HIGH – The number of threads used equals the number of cores.

OVERSUBSCRIBE – The number of threads used equals the number of cores multiplied by 2. When using this value, the bulk loader consumes all available resources.

Results

For 10 million triples, there was no significant difference. For 100 million triples, there was a 150-second difference in data load time.

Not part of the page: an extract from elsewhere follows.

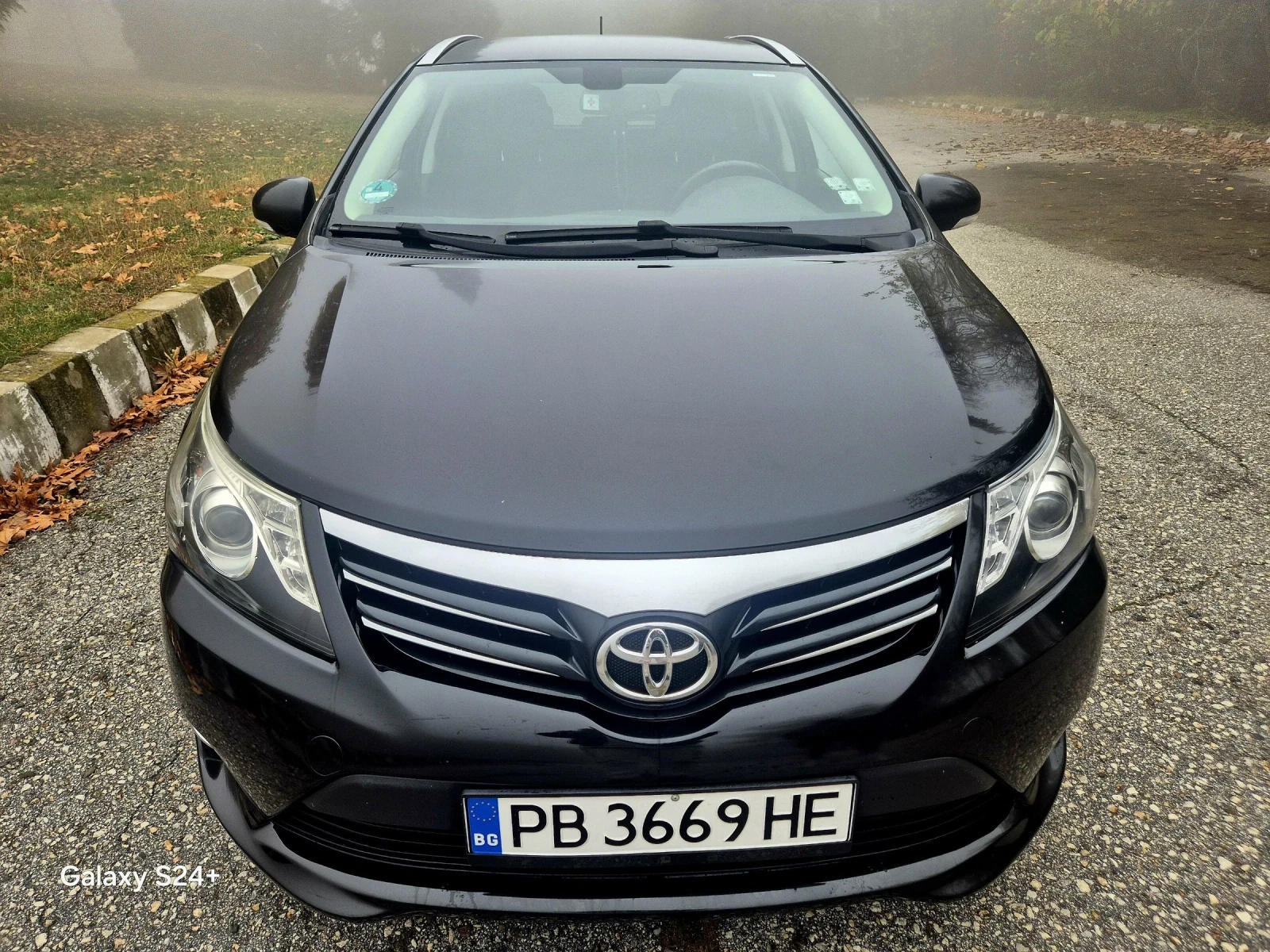 Toyota Avensis Full екстри!!! Перфектна!!! - изображение 2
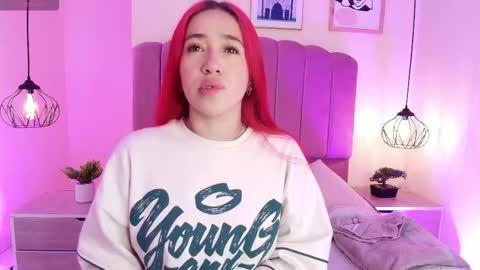 Snapshot of celestee15_ chatting on 19, 11, 2025 Celeste online show from 19, 11, 2025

Parallelism Compression Data Load Data Delete (drop all)
10 million triples HIGH Uncompressed 139 sec 420 sec
10 million triples HIGH Compressed 140 sec 417 sec
100 million triples HIGH Uncompressed 1169 sec 4866 sec
100 million triples HIGH Compressed 1303 sec 4844 sec

Since parallelism was set to HIGH, CPU usage was between 80% and 100% during loading. Data deletion used drop all, which appeared to run single-threaded, keeping CPU usage at around 20%.

To reduce load time, as mentioned in the best practices page, it is advisable to temporarily scale up before loading. This increases parallelism and reduces load time.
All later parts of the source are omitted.